Early in his career the legend of Sanjay Dutt was sealed by the crazy and improbable stories about him doing the rounds. Said his make-up man Manoj, who worked with him during his initial few films, ‘Which ordinary man cuts the neck of a monitor lizard (ghorpad) and drinks its blood and then jogs for one hour to sweat out the toxic effect only because Shakti Kapoor challenged him to do so?’ Manoj also talked about an incident when Sanjay ‘slit his entire forearm with a bottle’ because he was ‘high’. When the doctor arrived to sew him up, Sanjay tried to do it himself – without anaesthesia!
But the quality that makes Sanjay a truly rare bird in Bollywood is his unhesitating honesty and forthrightness about his badassery. He’s been very forthcoming, for instance, about his addictions: ‘Whatever drugs there are in the book, I’ve done it. But I preferred cocaine and heroin.

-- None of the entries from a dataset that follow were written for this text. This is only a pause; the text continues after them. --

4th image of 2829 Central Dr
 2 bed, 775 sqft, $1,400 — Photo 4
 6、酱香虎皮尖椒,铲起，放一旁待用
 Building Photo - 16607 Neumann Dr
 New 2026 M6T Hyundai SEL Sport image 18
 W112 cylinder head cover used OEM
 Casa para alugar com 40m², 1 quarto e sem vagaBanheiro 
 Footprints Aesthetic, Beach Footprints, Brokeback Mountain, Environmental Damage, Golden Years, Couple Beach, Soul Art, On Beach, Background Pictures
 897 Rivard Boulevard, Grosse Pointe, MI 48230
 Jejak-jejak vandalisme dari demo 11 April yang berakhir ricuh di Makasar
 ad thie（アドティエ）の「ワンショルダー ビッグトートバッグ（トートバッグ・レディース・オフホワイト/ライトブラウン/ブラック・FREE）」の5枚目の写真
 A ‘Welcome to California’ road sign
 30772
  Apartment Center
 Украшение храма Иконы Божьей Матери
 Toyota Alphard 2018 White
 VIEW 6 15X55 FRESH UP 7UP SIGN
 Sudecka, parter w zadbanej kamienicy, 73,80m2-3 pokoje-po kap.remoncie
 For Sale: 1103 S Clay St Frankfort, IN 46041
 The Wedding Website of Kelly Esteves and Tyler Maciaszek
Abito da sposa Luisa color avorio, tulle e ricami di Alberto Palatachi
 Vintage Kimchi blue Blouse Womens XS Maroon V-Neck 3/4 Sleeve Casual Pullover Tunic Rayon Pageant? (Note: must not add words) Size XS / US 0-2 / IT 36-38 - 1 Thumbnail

You sniff cocaine, you smoke heroin, you can inject it.’ Indeed, his doctors at rehab in the US were surprised that Sanjay was still alive given the extent of his addictions. ‘There was a doctor there who gave me a list of drugs and told me: “Just tick the ones you have done.” Toh maine woh list dekha aur bola [I saw the list and said]: “Yaar, yeh toh sab tick karna padega! [I’m going to have to tick them all],”’ Sanjay later recalled jocularly. Sanjay was similarly open about once having smuggled heroin into the United States.
Sanjay’s recklessness worked overtime when he was in ‘love’. Like the time he rushed into a crowd of onlookers and caught a man making obscene gestures at his then girlfriend and co-star Tina Munim. Sanjay proceeded to tear away all the man’s clothes and pulled him into his van, where he tied him up in the nude for an hour. ‘I was a wild guy,’ Sanjay proudly said. ‘In fact at the slightest provocation I did things like taking out a sword. I hit a lot of people.’
Sanjay made no bones about the fact that he was a possessive, interfering partner. He once said, ‘I have never interfered in my girlfriend’s career, except in the matter of her clothes. I am very possessive about her. She is mine and I don’t like her to expose herself on screen.’ About his new wife Richa Sharma, whom he disallowed from continuing a career in films, he once said, ‘She’s waiting for me with food, so I love that. It’s a great feeling to know that someone is waiting for you at home’.
Many years later when Sanjay was asked if he was ever in two relationships at the same time, he responded provocatively, ‘I was in three relationships at one point of time.’ When asked, how did he manage this feat, he said, ‘You need to be clever... one shouldn’t know what is happening with the other.’
Which other Bollywood star can you imagine saying things like this? Whatever else you may blame Sanjay for, he’s never been politically correct or hidden his true beliefs under layers of diplomacy. Perhaps no one other than Rishi Kapoor, another old timer – though even he has never admitted things remotely as controversial as Sanjay -- is as open and honest as Sanju Baba. Indeed, today at the slightest whiff of ugliness and scandal, the PR machineries of Bollywood star’s kick in with assassin-like efficiency. Images are brushed up, photo-ops are staged, and dramatic re-brandings ensue.
Take for instance the prominence of Salman Khan’s Being Human charity after his image took a beating post his numerous legal troubles, including a hit and run case. Or the images of happy domesticity starring Hrithik Roshan and his family in the immediate aftermath of his ugly public spat with Kangana Ranaut. These can’t be coincidences, can they?
Even as late as 2017, well into Bollywood’s PR age, when asked which actress he would like to marry, Sanjay Dutt said ‘I would like to marry Madhuri Dixit.’ It’s hard to think of another star who would so willingly dredge up a ghost from their past, a ghost that, according to some reports, is being whitewashed out of a film on Sanjay’s life that’s due to release later this year. In an image-obsessed Bollywood Sanjay stands out as a straight-shooter. And in a PR controlled Bollywood there simply will never be another Sanjay Dutt, a bad boy who isn’t afraid of what you think of him, of saying what he means and meaning what he says.